Enhanced oil recovery in unconventional plays has been a focus of many E&P operators to increase recovery factors. Conventional displacement-based secondary (e.g. water flooding) and tertiary EOR methods are not viable options due to their low injectivity in these ultra-low permeability formations. As such, huff-n-puff (HnP) EOR techniques involving field gas injection may be the most effective EOR methods to increase the recovery factors from these shale formations. Several numerical reservoir simulation studies have showed the efficiency of CO2 HnP process in shale and tight formations (Yu et al, 2014); however, these studies show little to no field results to support the simulation predictions. This paper describes the conceptual development of the reservoir simulation models to investigate the viability of gas injection HnP in unconventional reservoirs and the results of applying those methods in Eagle Ford field test sites.
Single-well and multi-well models with multi-stage hydraulic fractures were constructed and history matched using their primary production period performance. Sensitivity studies were conducted on well communication behavior/impacts, injection gas compositions, injection rates, injection/production cycling, and reservoir fluid types to optimize the pilot project well location(s) and to inform development strategies. Optimal cases from the simulation study were successfully applied to multi-well pads in the Eagle Ford formation across multiple fluid types.

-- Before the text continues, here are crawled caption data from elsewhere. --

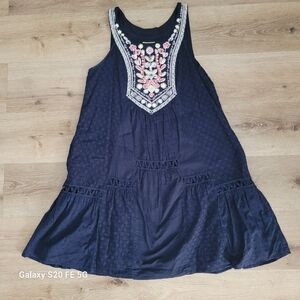 ANTHROPOLOGIE Maeve Tisa Swing Dress Flower & Mirror Embroidered Sz 8 Navy Blue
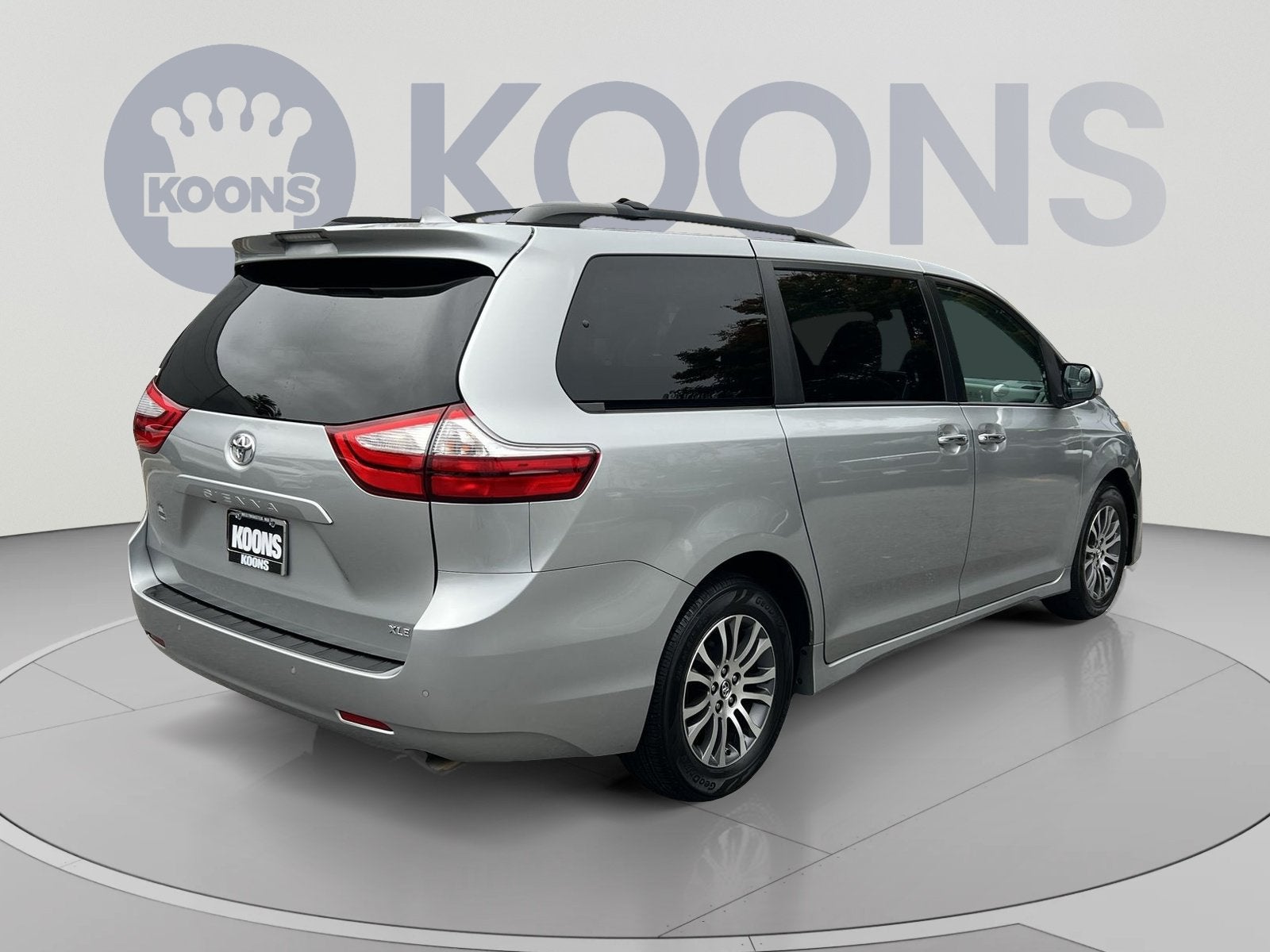 2019 Toyota Sienna XLE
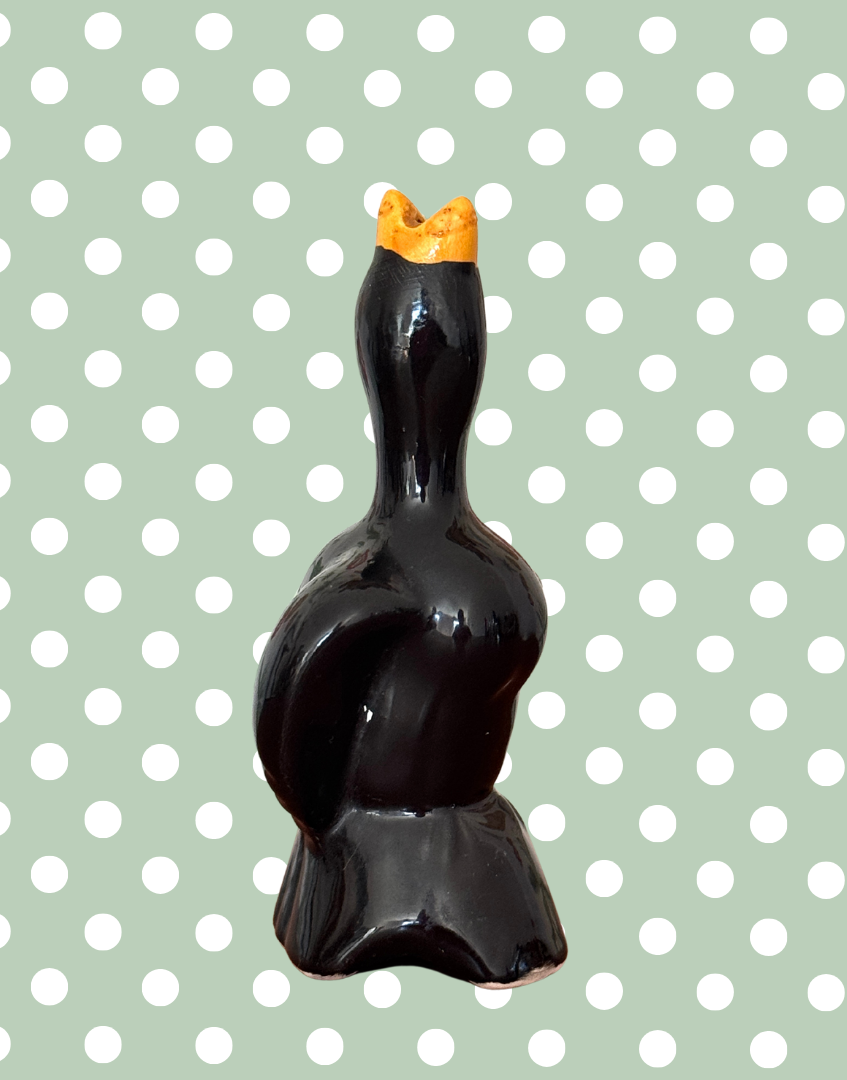 Vintage Black Bird Pie Vent with Yellow Beak | Elegant Ceramic Baking Collectable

The simulation and the field application results were summarized and compared to provide detailed insights of unconventional HnP EOR. This study indicates the importance of confinement of the gases to afford optimal recovery factors during unconventional gas HnP EOR. An optimization engine was used in this study to optimize key operational parameters, such as injection pressures and slug sizes, to maximize recovery and efficiency. The resulting EOR designs were successfully implemented in field operations. Field recovery factors are within 10% of those predicted by simulation, indicating the value of numerical reservoir simulation prior to field trials and subsequent future development.